_Problem_
Starting at the line that contains "I'd be lying" and stopping at the line that contains "It is answer", restate each line of the records below exactly. Omit the pictures.

_Provided information_
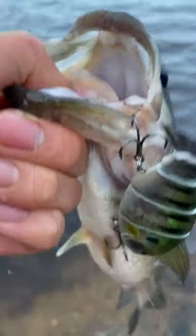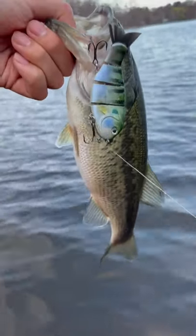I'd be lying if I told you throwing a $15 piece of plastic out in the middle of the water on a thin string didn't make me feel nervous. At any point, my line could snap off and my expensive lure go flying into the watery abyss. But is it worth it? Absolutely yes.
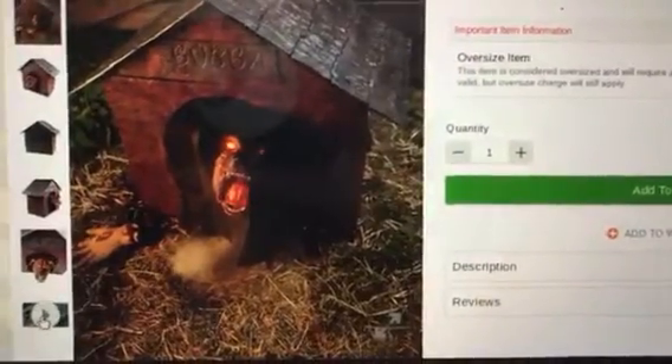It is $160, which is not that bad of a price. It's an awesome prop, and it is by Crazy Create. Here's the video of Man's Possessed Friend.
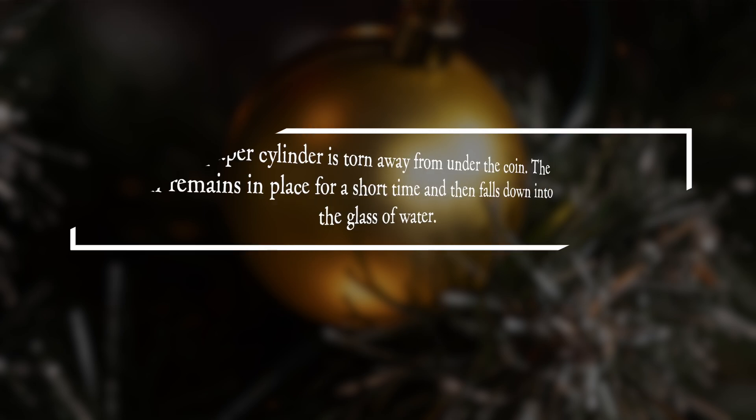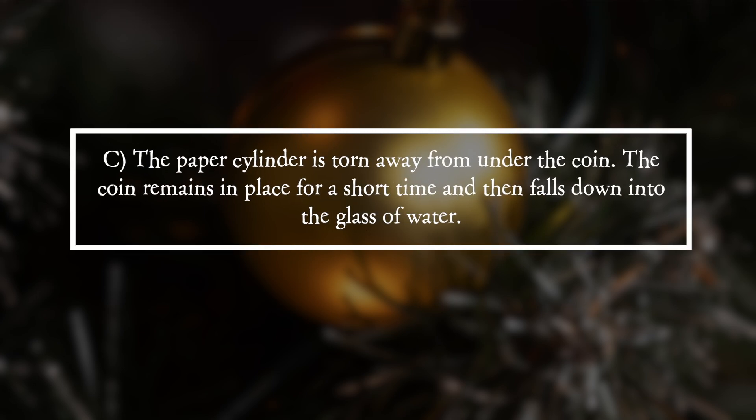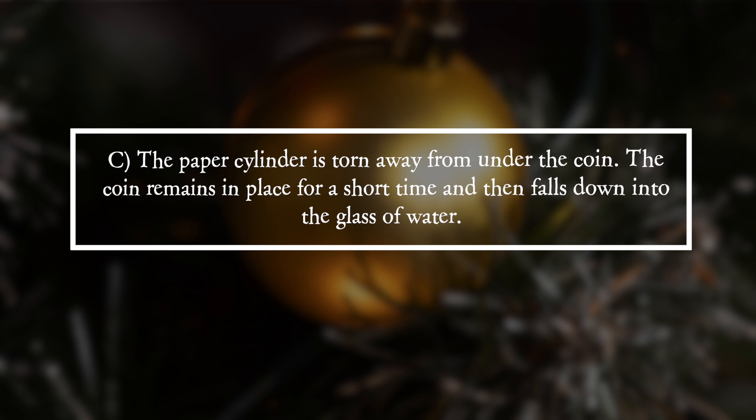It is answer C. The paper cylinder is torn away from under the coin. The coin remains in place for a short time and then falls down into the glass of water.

--

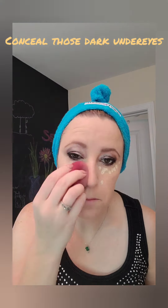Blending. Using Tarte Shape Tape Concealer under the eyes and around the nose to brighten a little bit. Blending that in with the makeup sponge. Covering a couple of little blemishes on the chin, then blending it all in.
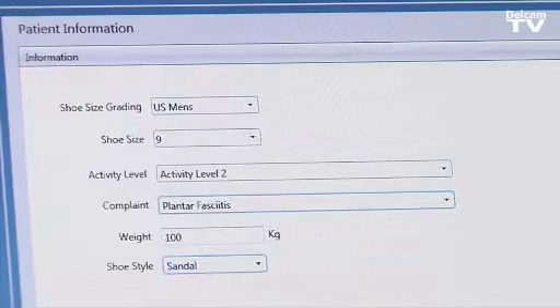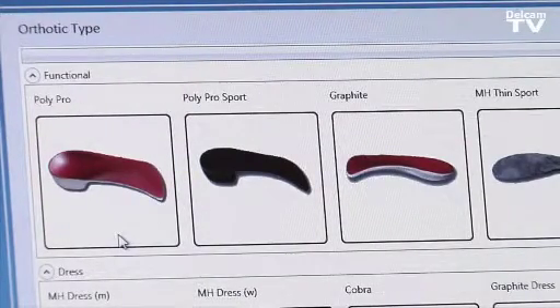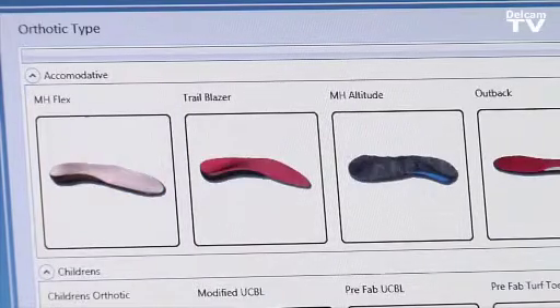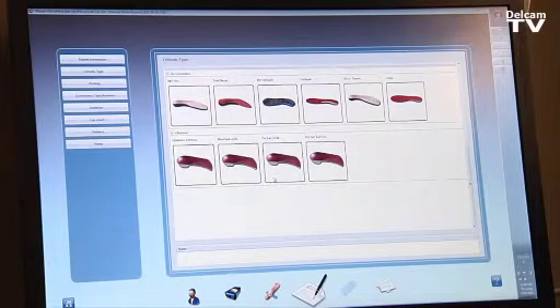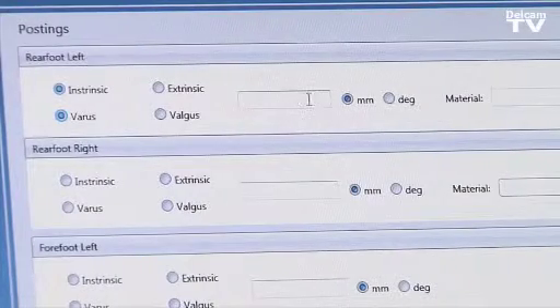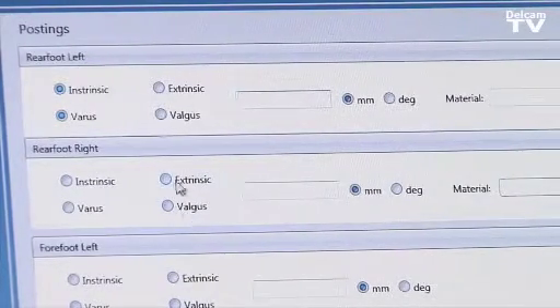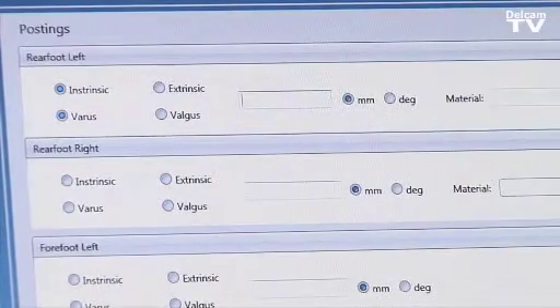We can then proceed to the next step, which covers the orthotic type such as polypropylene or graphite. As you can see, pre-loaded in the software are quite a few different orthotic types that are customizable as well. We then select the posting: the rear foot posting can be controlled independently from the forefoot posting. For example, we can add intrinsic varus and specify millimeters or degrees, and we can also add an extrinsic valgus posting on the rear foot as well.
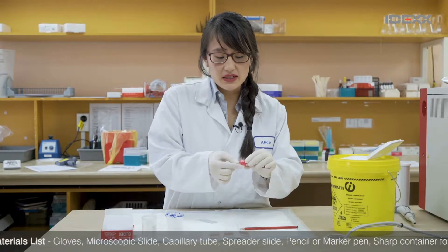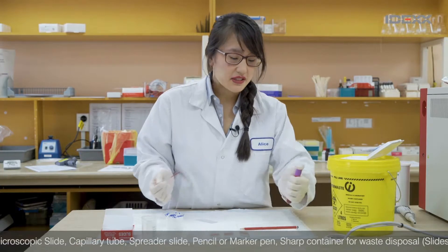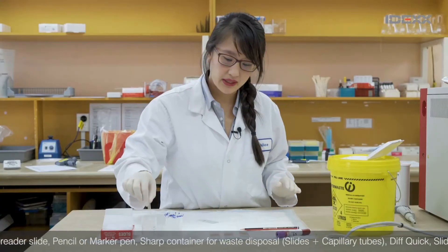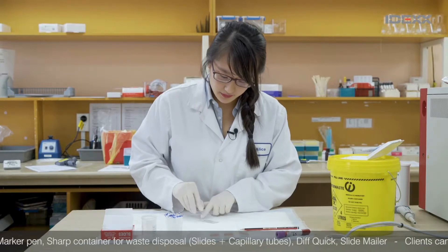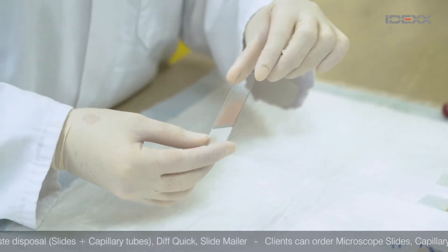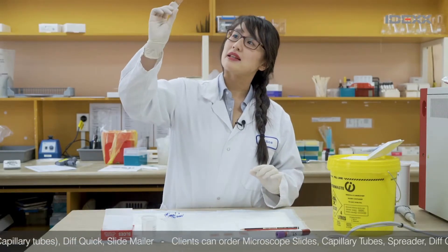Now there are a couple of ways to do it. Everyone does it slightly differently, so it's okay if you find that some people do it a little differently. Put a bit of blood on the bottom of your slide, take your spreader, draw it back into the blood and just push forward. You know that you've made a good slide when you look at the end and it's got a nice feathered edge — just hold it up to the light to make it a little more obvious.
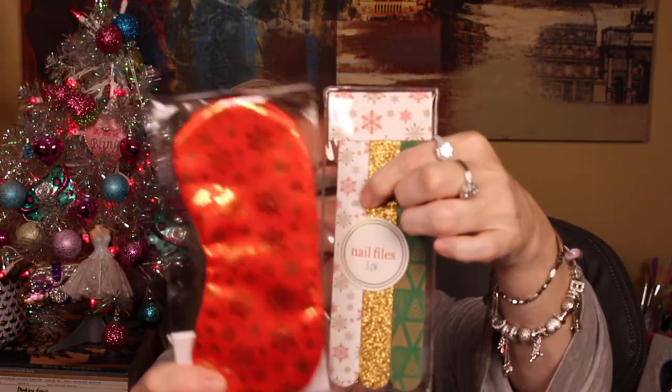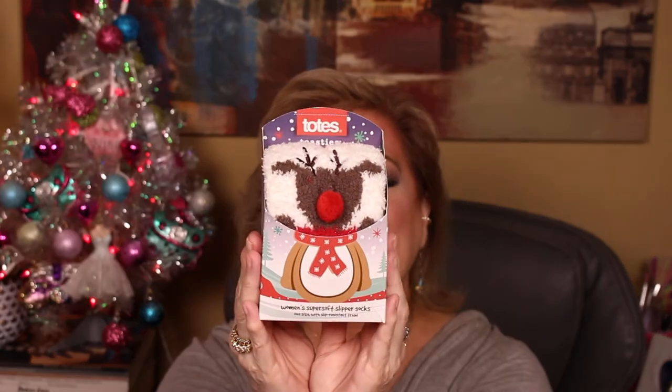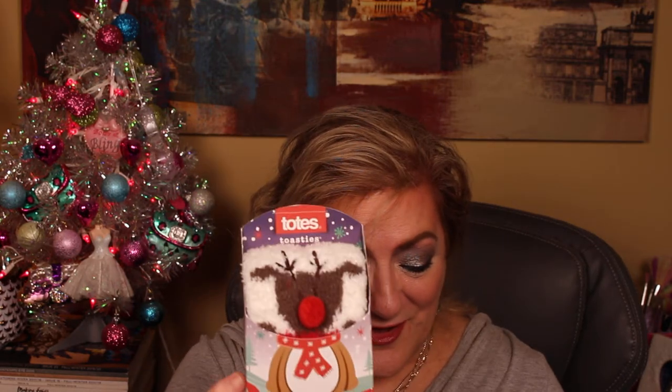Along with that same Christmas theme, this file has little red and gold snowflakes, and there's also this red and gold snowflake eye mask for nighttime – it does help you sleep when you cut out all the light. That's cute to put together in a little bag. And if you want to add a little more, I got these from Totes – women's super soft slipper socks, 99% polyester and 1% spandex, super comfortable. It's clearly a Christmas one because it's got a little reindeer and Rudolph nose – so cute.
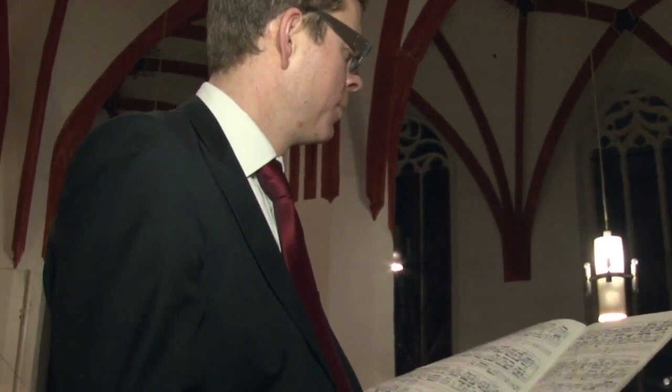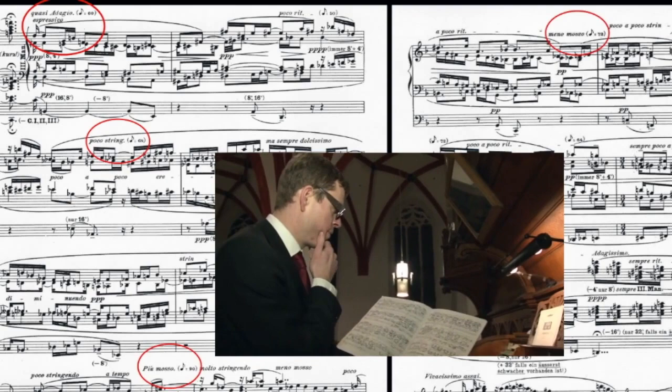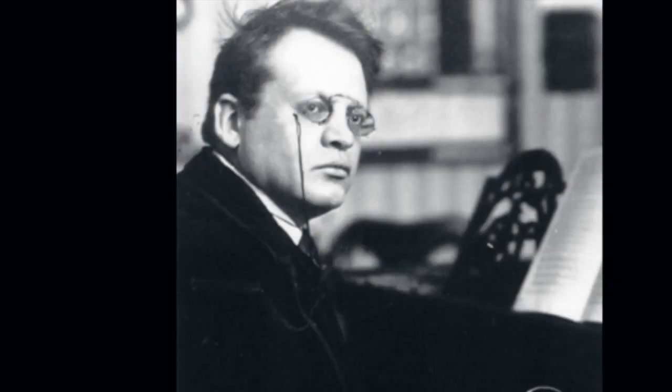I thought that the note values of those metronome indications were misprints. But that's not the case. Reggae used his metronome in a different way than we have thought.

_Response area_
I'd be lying if I told you throwing a $15 piece of plastic out in the middle of the water on a thin string didn't make me feel nervous. At any point, my line could snap off and my expensive lure go flying into the watery abyss. But is it worth it? Absolutely yes.
It is $160, which is not that bad of a price. It's an awesome prop, and it is by Crazy Create. Here's the video of Man's Possessed Friend.
It is answer C. The paper cylinder is torn away from under the coin. The coin remains in place for a short time and then falls down into the glass of water.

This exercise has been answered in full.